From the first line of the data down to the line bearing "Koramil jajaran Kodim", output every line exactly and include no pictures.

THE INPUT >>
◇ ◇ ◇ ◇ ◇

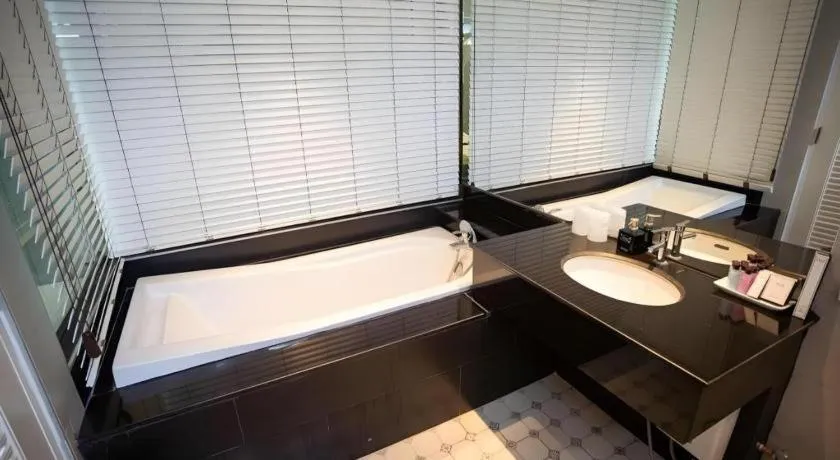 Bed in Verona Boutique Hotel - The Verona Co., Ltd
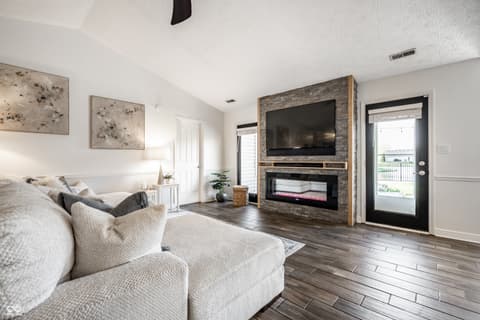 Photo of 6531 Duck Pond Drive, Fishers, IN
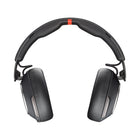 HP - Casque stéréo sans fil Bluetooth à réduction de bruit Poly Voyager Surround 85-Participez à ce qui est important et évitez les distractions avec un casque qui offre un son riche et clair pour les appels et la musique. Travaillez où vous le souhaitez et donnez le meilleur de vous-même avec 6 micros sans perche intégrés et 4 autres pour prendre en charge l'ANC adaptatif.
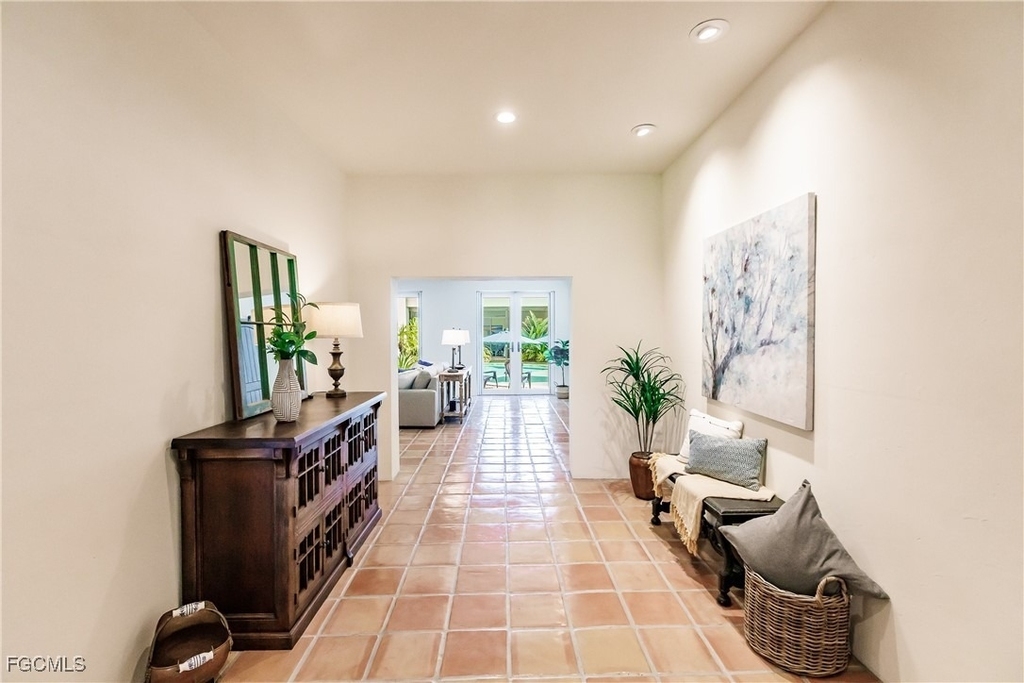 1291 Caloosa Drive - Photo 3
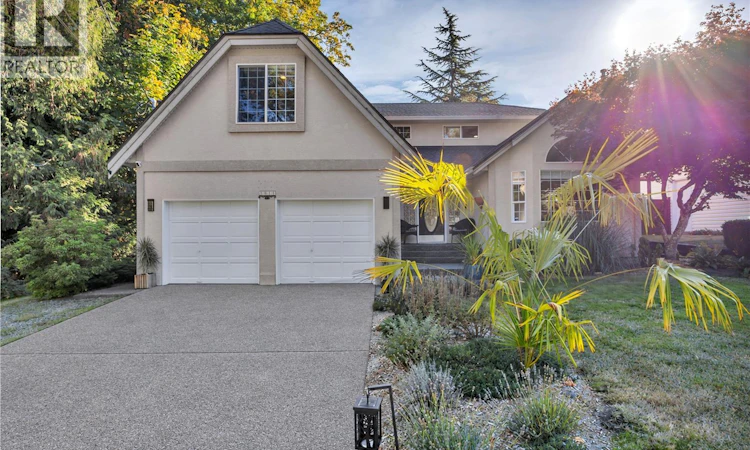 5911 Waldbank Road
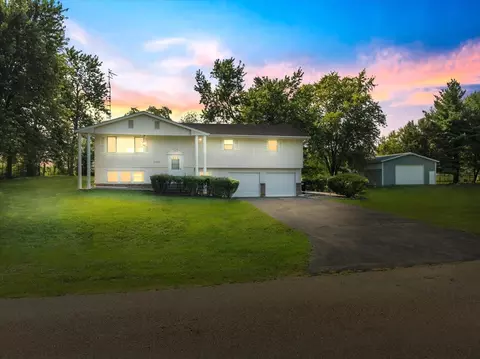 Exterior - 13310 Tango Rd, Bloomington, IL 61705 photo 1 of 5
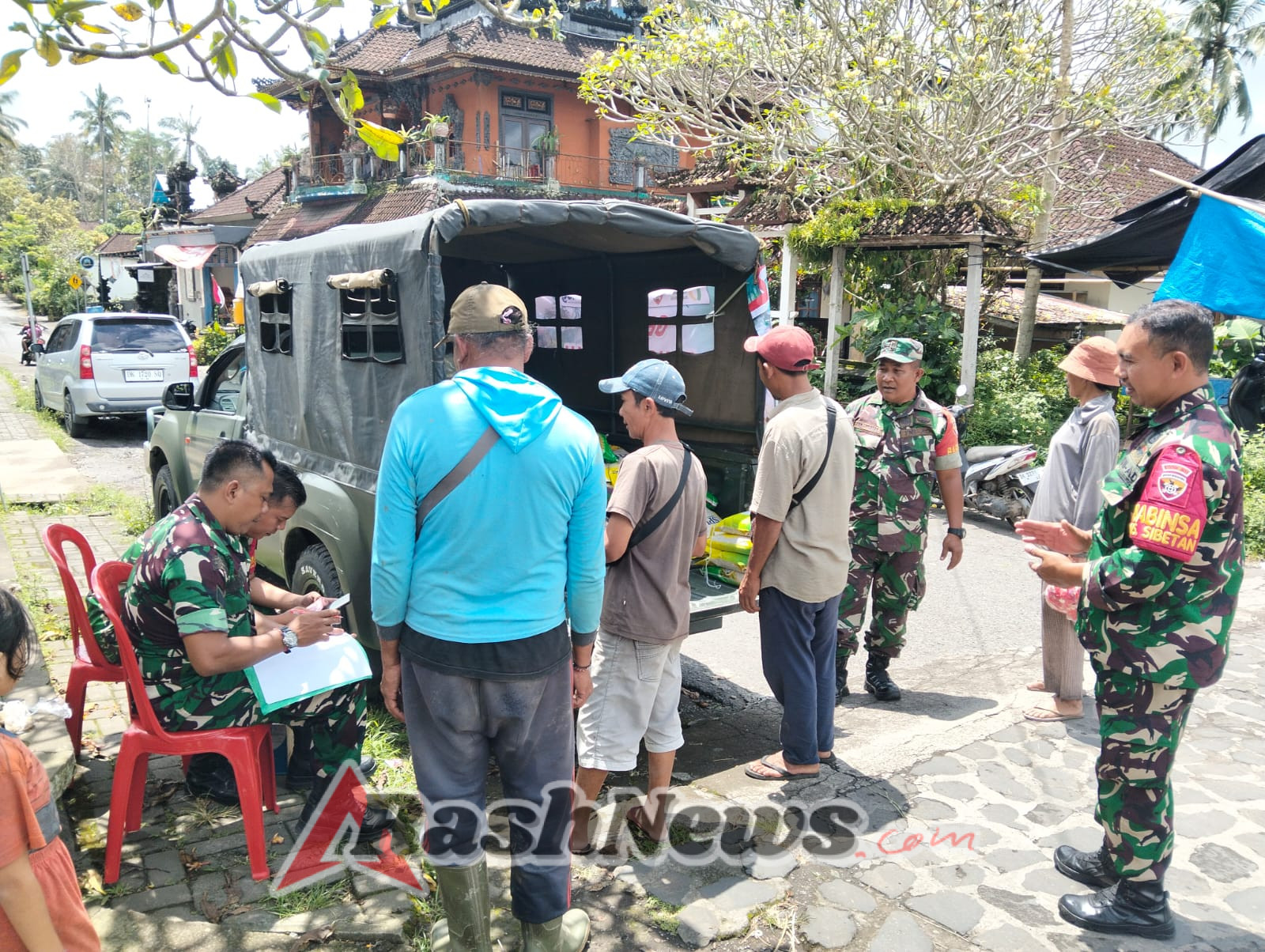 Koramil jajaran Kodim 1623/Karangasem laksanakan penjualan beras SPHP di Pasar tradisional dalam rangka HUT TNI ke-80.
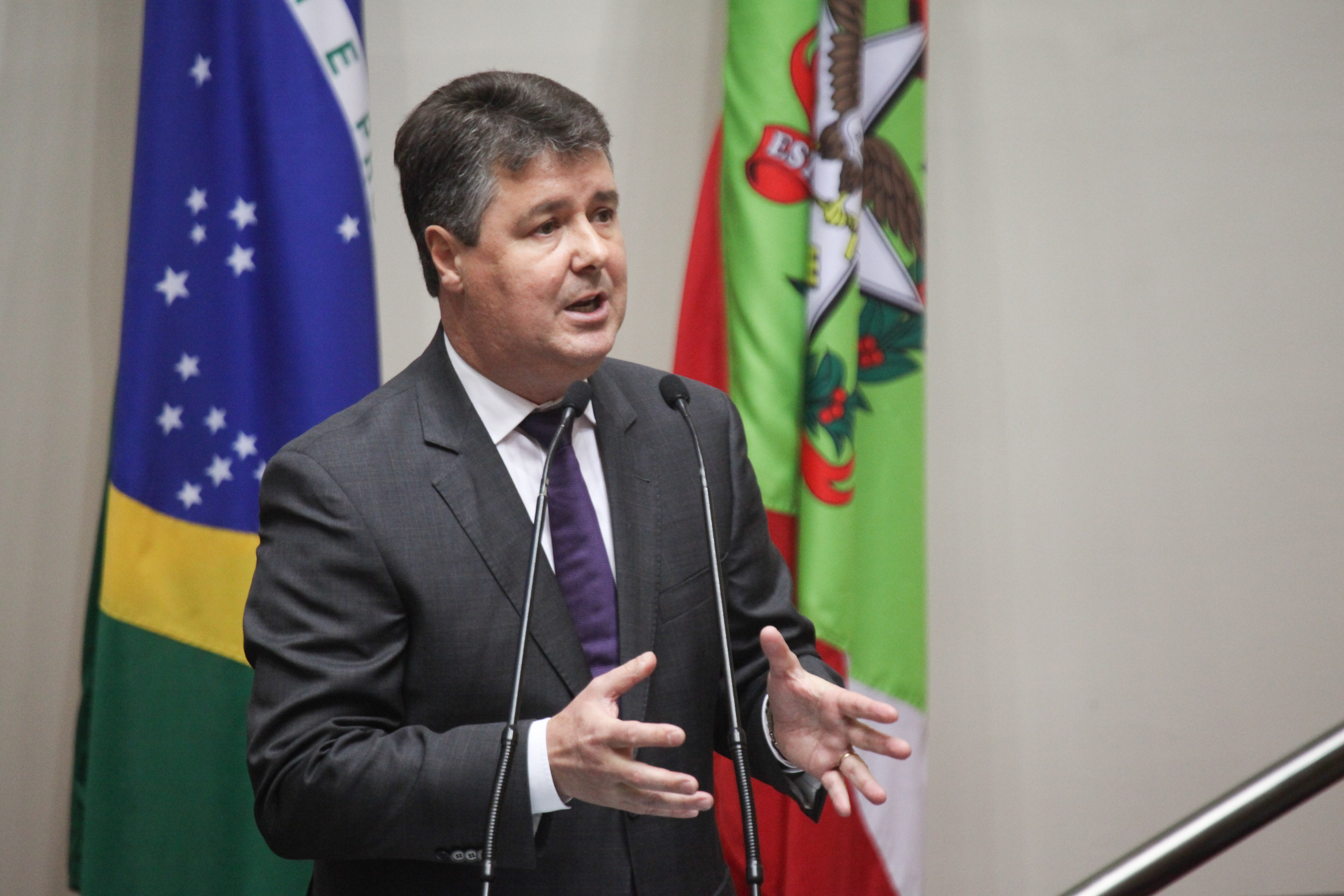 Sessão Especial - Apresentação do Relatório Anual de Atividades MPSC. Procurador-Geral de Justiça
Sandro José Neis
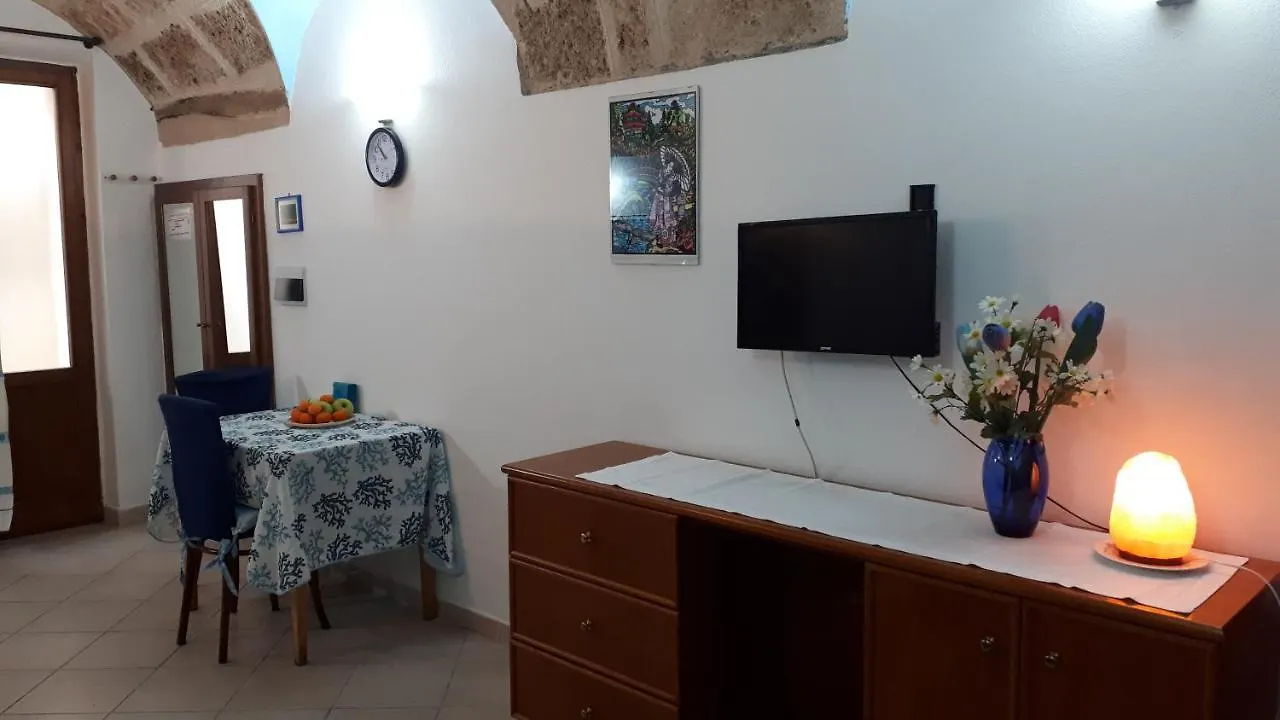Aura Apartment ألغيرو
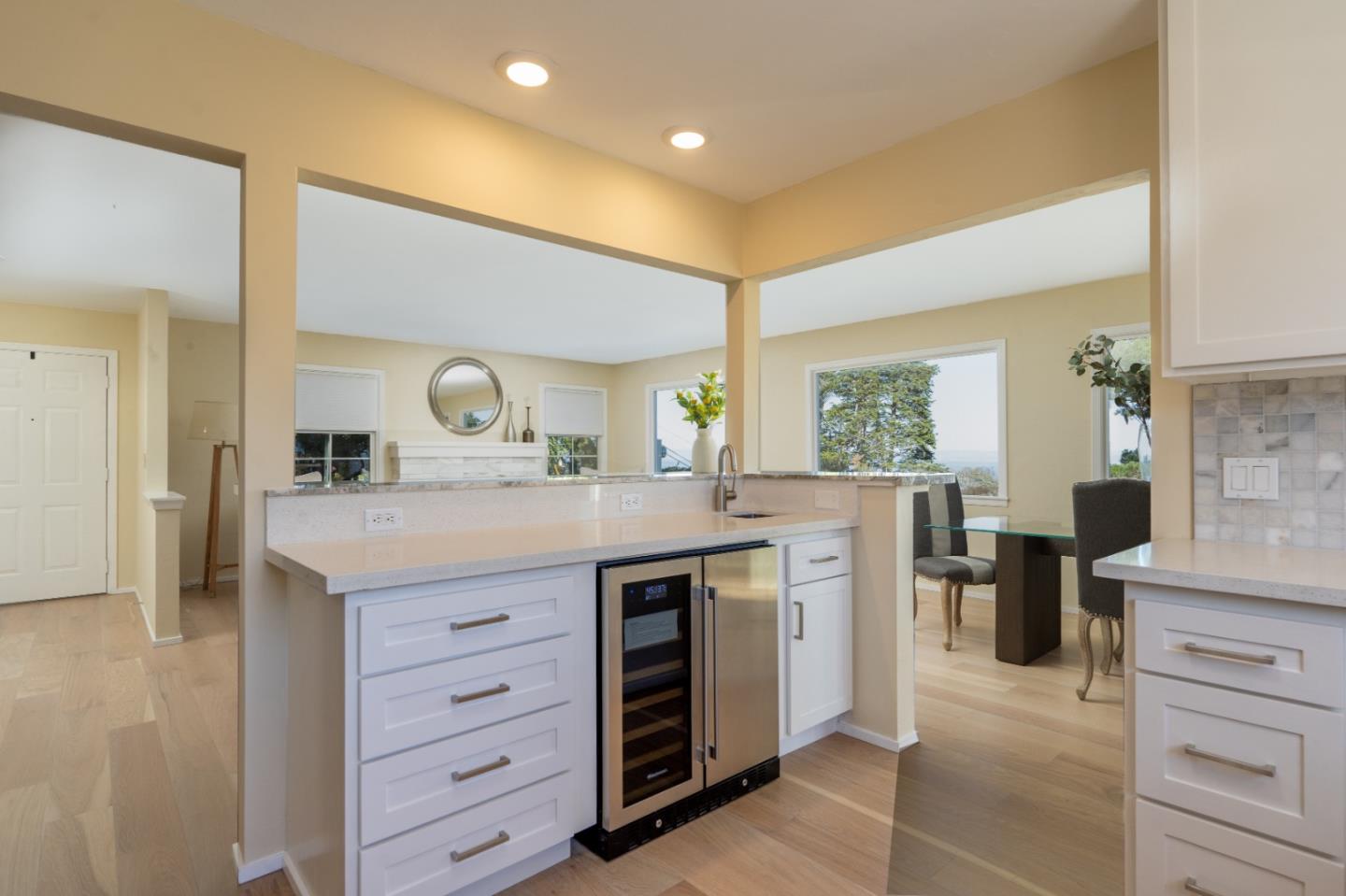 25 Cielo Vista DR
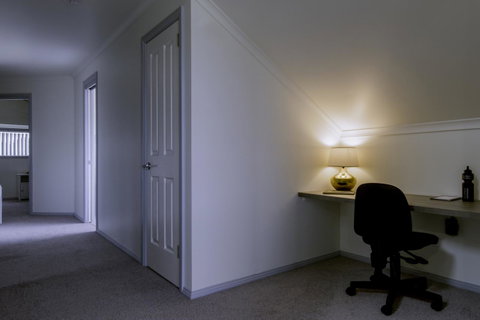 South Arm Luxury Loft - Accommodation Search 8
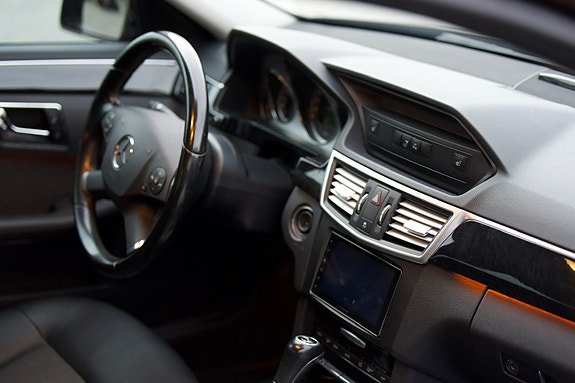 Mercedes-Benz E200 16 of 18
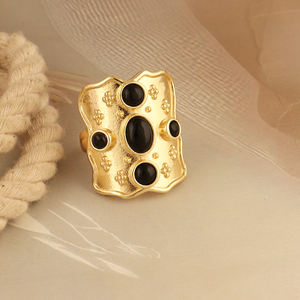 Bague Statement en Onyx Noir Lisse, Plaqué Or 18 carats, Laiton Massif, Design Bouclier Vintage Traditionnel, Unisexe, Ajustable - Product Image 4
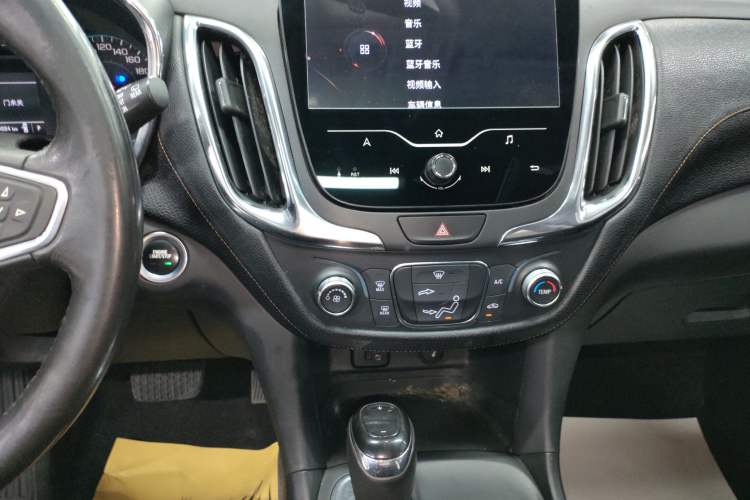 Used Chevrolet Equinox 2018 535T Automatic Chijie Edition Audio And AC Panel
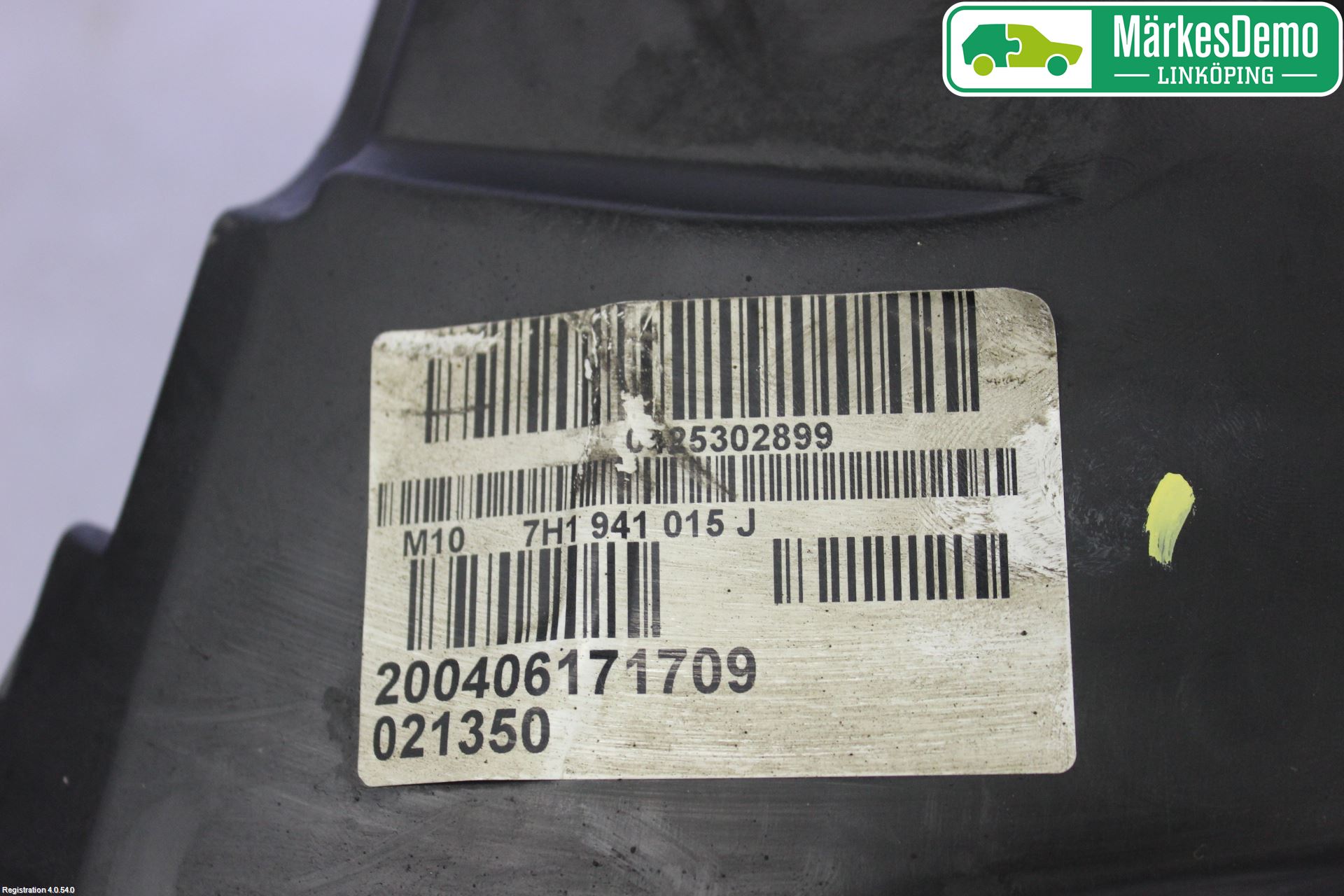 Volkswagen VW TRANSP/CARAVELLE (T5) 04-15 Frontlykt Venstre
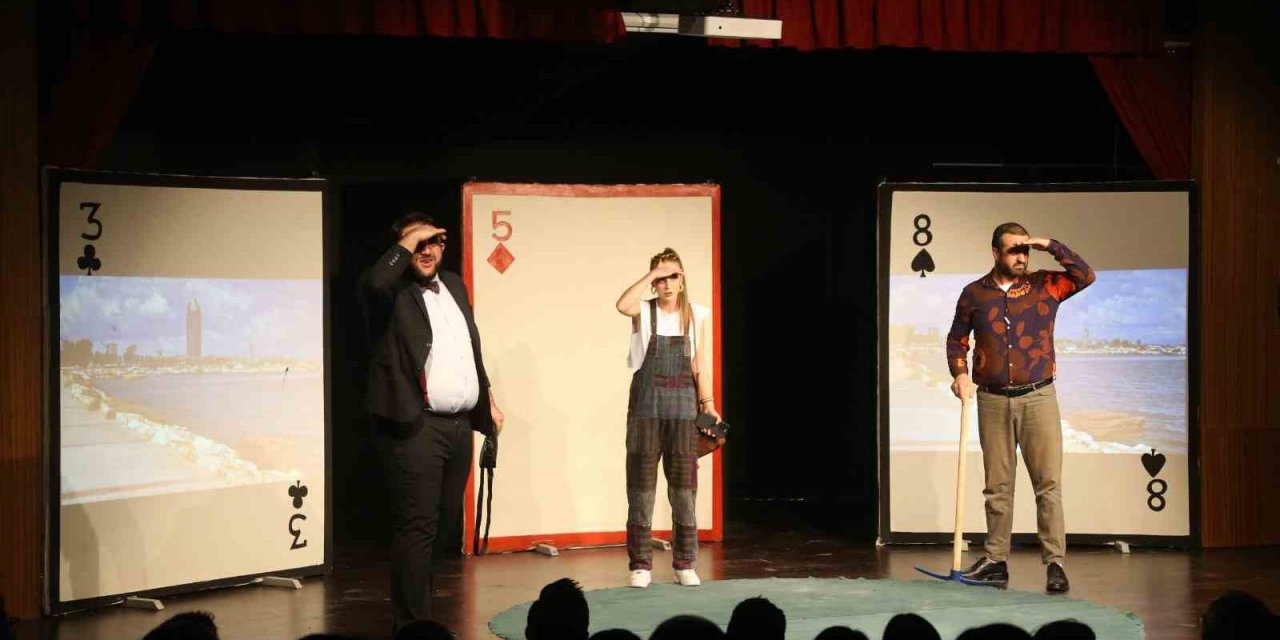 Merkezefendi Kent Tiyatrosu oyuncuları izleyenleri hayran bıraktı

◇ ◇ ◇ ◇ ◇

YOUR SOLUTION >>
 Bed in Verona Boutique Hotel - The Verona Co., Ltd
 Photo of 6531 Duck Pond Drive, Fishers, IN
 HP - Casque stéréo sans fil Bluetooth à réduction de bruit Poly Voyager Surround 85-Participez à ce qui est important et évitez les distractions avec un casque qui offre un son riche et clair pour les appels et la musique. Travaillez où vous le souhaitez et donnez le meilleur de vous-même avec 6 micros sans perche intégrés et 4 autres pour prendre en charge l'ANC adaptatif.
 1291 Caloosa Drive - Photo 3
 5911 Waldbank Road
 Exterior - 13310 Tango Rd, Bloomington, IL 61705 photo 1 of 5
 Koramil jajaran Kodim 1623/Karangasem laksanakan penjualan beras SPHP di Pasar tradisional dalam rangka HUT TNI ke-80.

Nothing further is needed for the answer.